SPACE: A Soyuz crew launch suffers a rare abort seconds before liftoff.
On Thursday a crew of three people was due to launch on a Soyuz rocket, bound for the International Space Station.
However, the launch scrubbed at about 20 seconds before the planned liftoff time, just before the sequence to ignite the rocket’s engines was initiated, due to unspecified issues. Shortly after the abort, there were unconfirmed reports of an issue with the ground systems supporting the Soyuz rocket.
The three people inside the Soyuz spacecraft, on top of the rocket, were NASA astronaut Tracy C. Dyson, Roscosmos cosmonaut Oleg Novitskiy, and spaceflight participant Marina Vasilevskaya of Belarus. This Soyuz MS-25 mission had been planned for liftoff from the Baikonur Cosmodrome in Kazakhstan at 13:21 UTC (6:21 pm local time in Baikonur).

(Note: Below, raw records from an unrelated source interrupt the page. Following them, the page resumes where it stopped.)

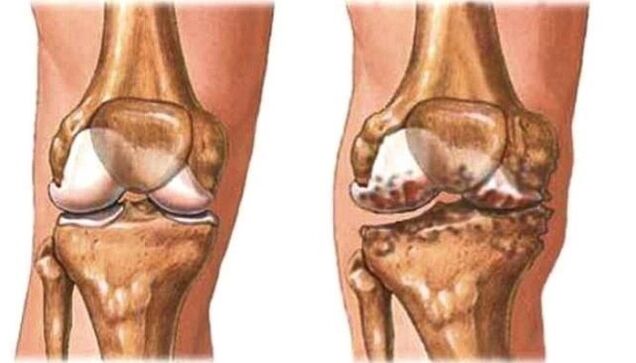 zdrava artroza kolena in kolena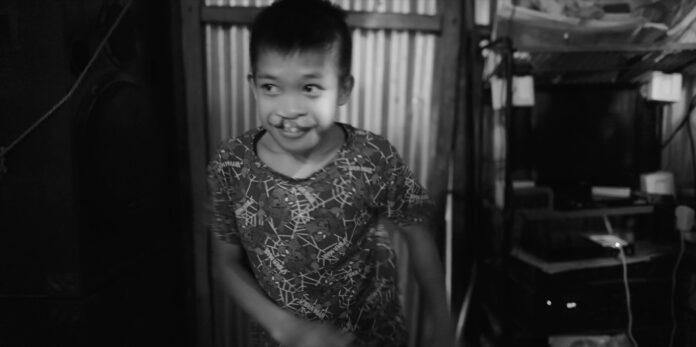 Jary, the cleft affected boy in the documentary Every Day After documentary, movie still, Cleft Lip and Palate, CLP, Cleft Affected, Dave Liu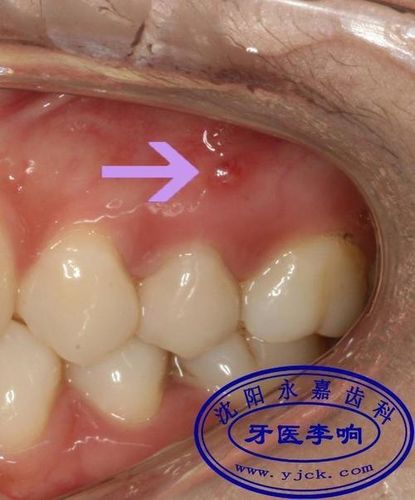 牙床肉发白图片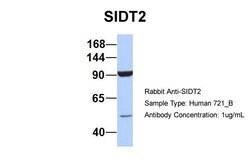 Invitrogen SIDT2 Polyclonal Antibody 100 &mu;L; Unconjugated:Antibodies,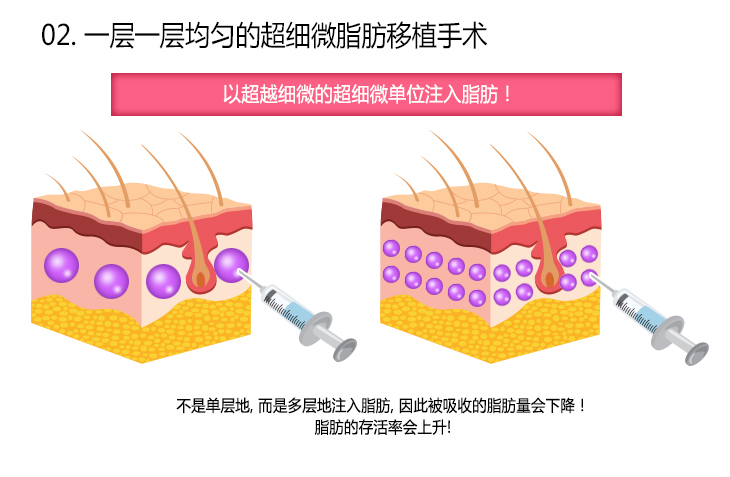 [02.一层一层均匀的超细微脂肪移植手术] 以超越细微的超细微单位注入脂肪！不是单层地，而是多层地注入脂肪，因此被吸收的脂肪量会下降！脂肪的存活率会上升！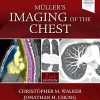 Muller’s Imaging of the Chest: Expert Radiology Series, 2ed (PDF)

Such scrubs are rare. The Soyuz booster and its launch systems are typically robust, launching regardless of weather conditions—watching an orbital, liquid-fueled rocket launch during a snowstorm is quite a trip. And the Russians have plenty of experience with the booster. Since its debut in 1966, across a number of variants, the Soviet Union and Russia have launched more than 2,000 Soyuz rockets.
I’m curious to know what caused the scrub but don’t expect an honest answer out of Moscow.